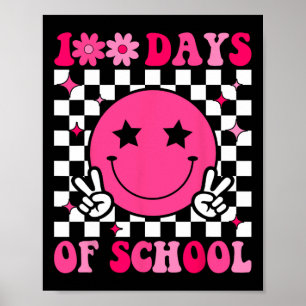 Retro 100 Tage Schulkinder Lehrer 100 Tage G Poster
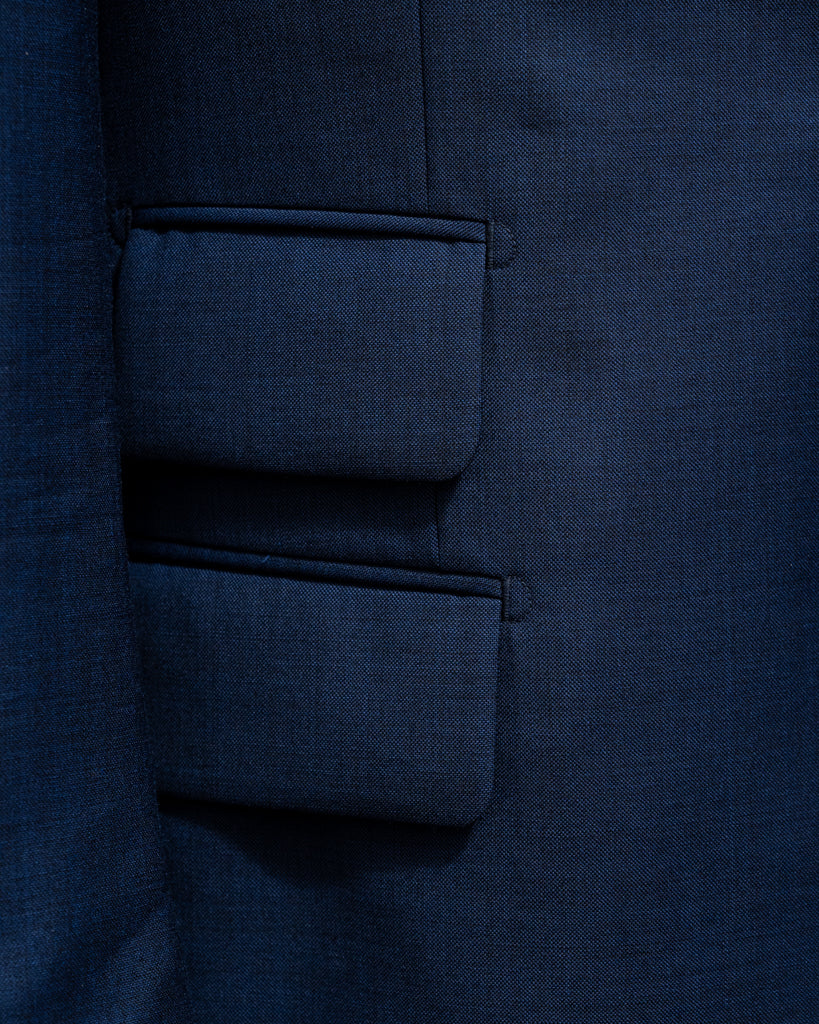 Abito Giotto in Twill Blu Notte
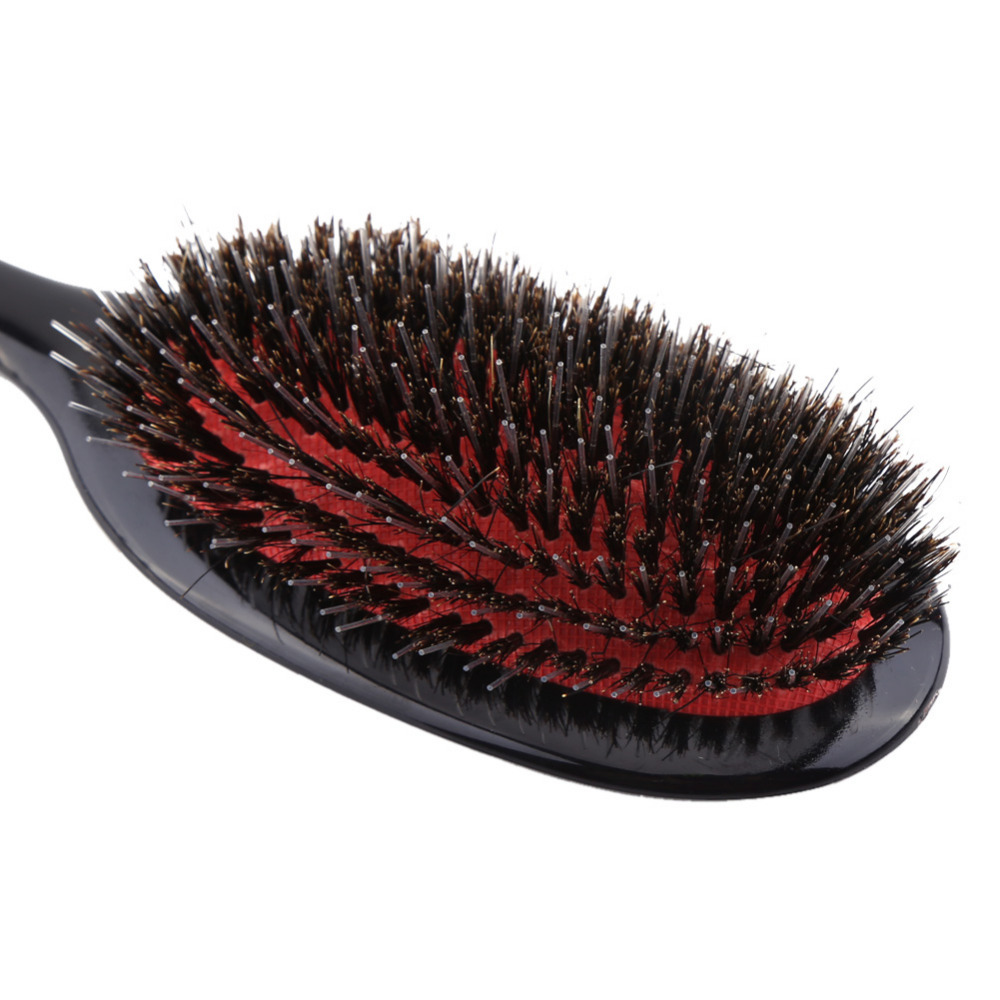 Oval Nylon Hair Comb Brush Scalp Massage Paddle Detangling Anti-static Hairbrush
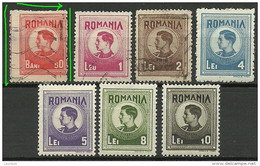 ROMANIA ROMANA Rumänien 1943/44 Post-Steuermarken Tax Revenue Michel 29 - 35 * & O - Fiscale Zegels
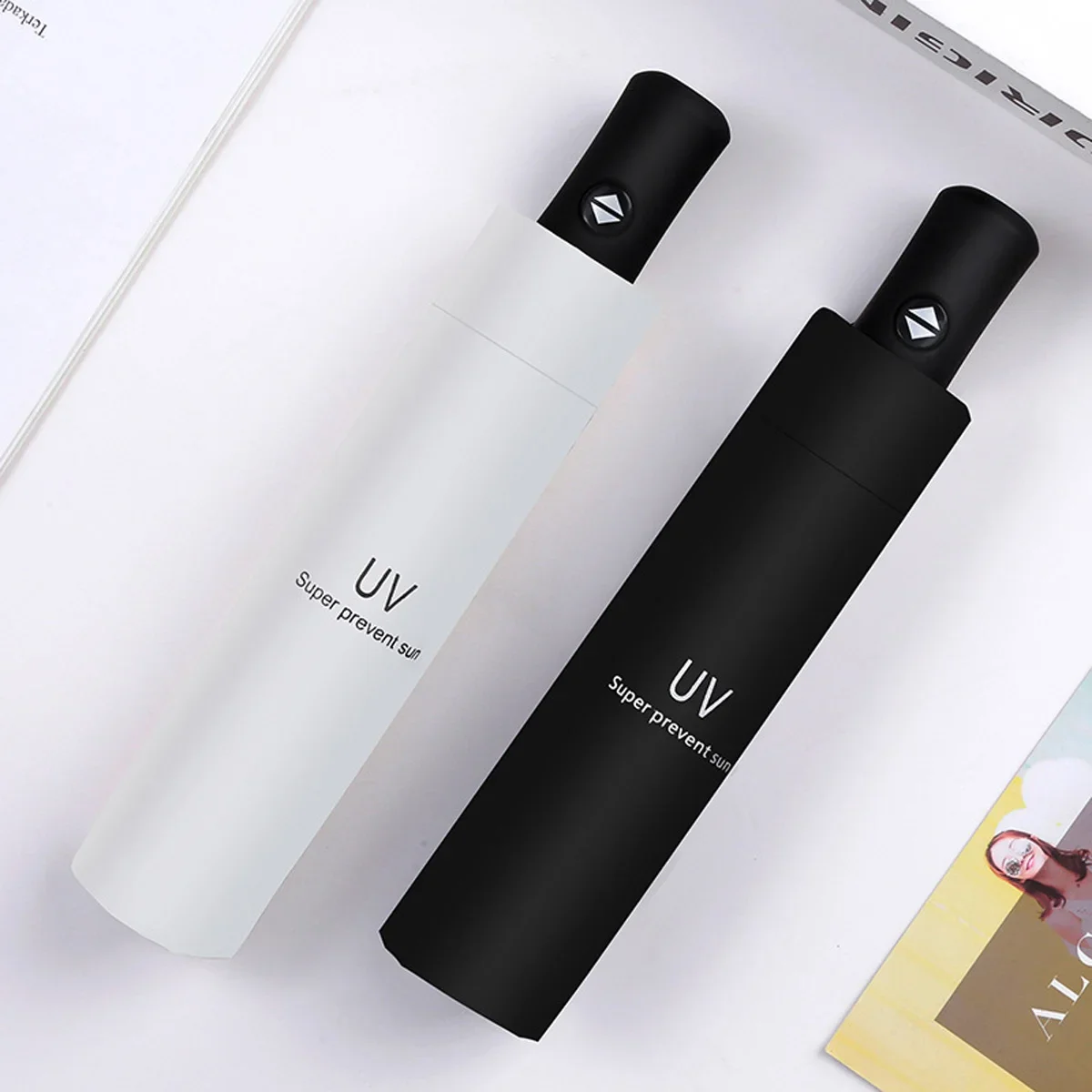 Mini Folding Automatic Umbrella Anti UV Rain Sun Umbrella Fashion Portable Windproof Light Women Men Children Parasol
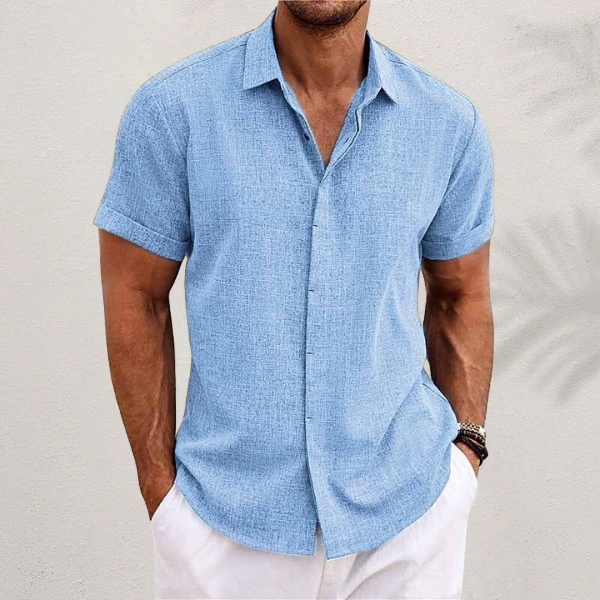 Dorvelli | Men's Short-Sleeve Shirt – Classic Collar Summer Essential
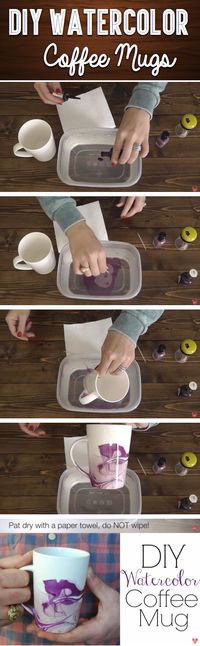 You Will Be Amazed To See What You Can Achieve With A Plain Coffee Cup And Some Nail Polish!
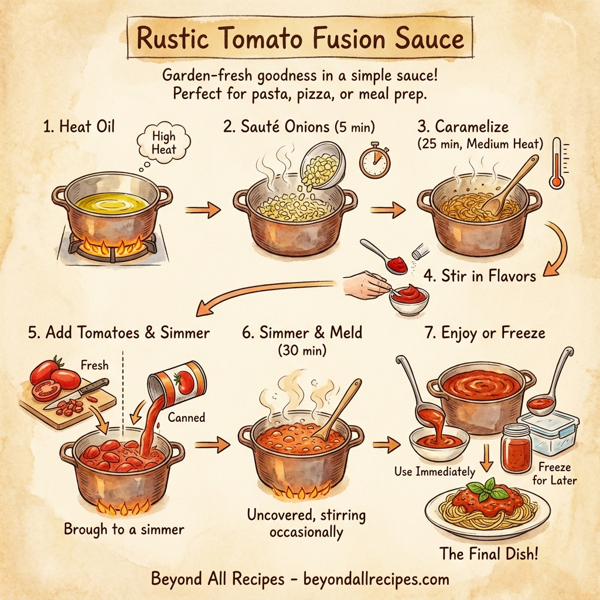 Rustic Tomato Fusion Sauce instructions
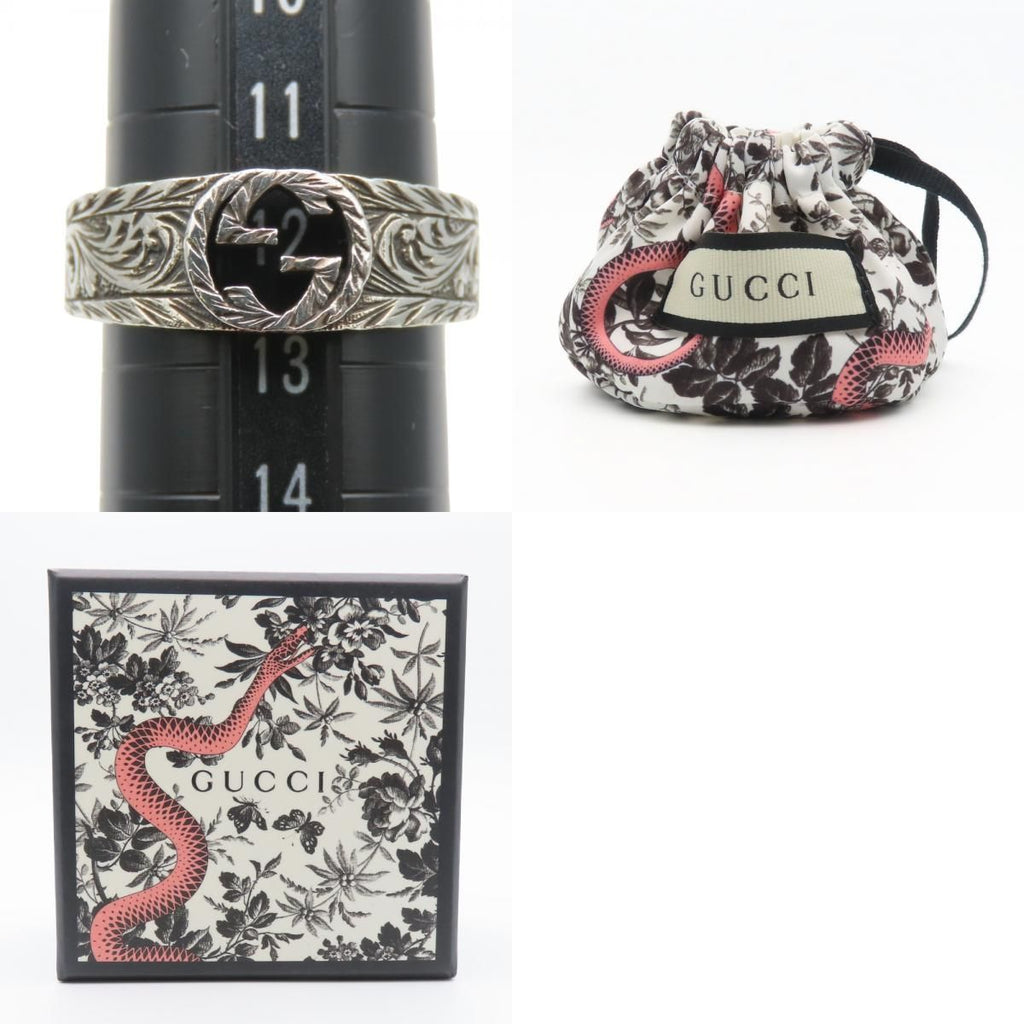 Gucci Ring Interlocking Arabesque 13 Silver 925 5.4 g — view 9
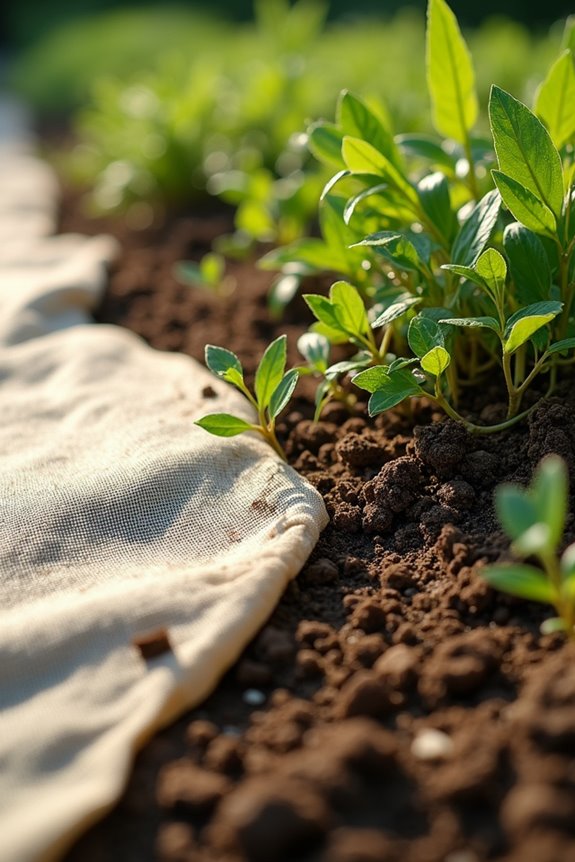 Will Landscape Fabric Kill Weeds? 6 root roots invade fabric barriers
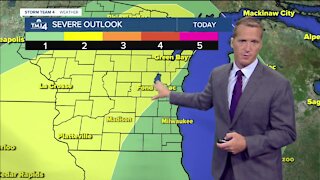 Rainfall expected heading into the weekend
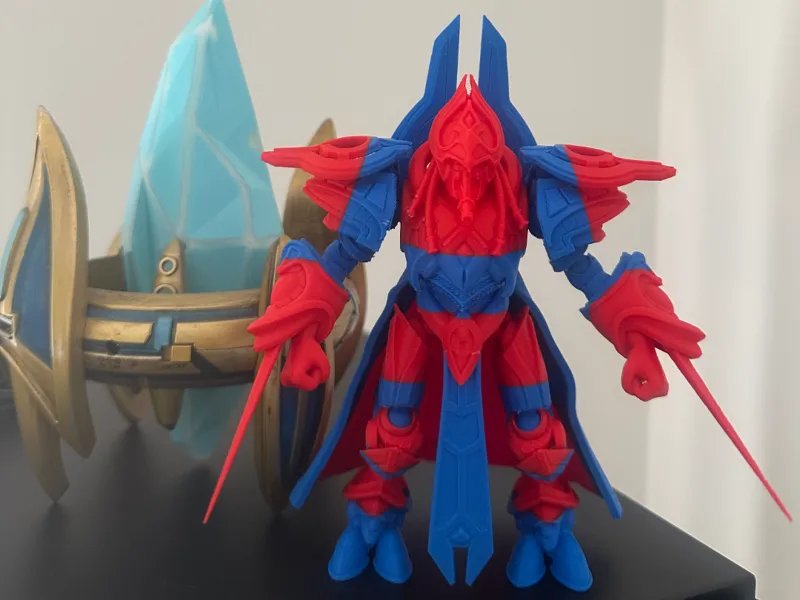 StarCraft II - Articulated 3D Zealot Model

Task statement ▸ Starting where a line contains "Gucci Ring Interlocking" and finishing at the last line above, set down every line exactly as it reads, with no pictures.

Answer ▸
 Gucci Ring Interlocking Arabesque 13 Silver 925 5.4 g — view 9
 Will Landscape Fabric Kill Weeds? 6 root roots invade fabric barriers
 Rainfall expected heading into the weekend
 StarCraft II - Articulated 3D Zealot Model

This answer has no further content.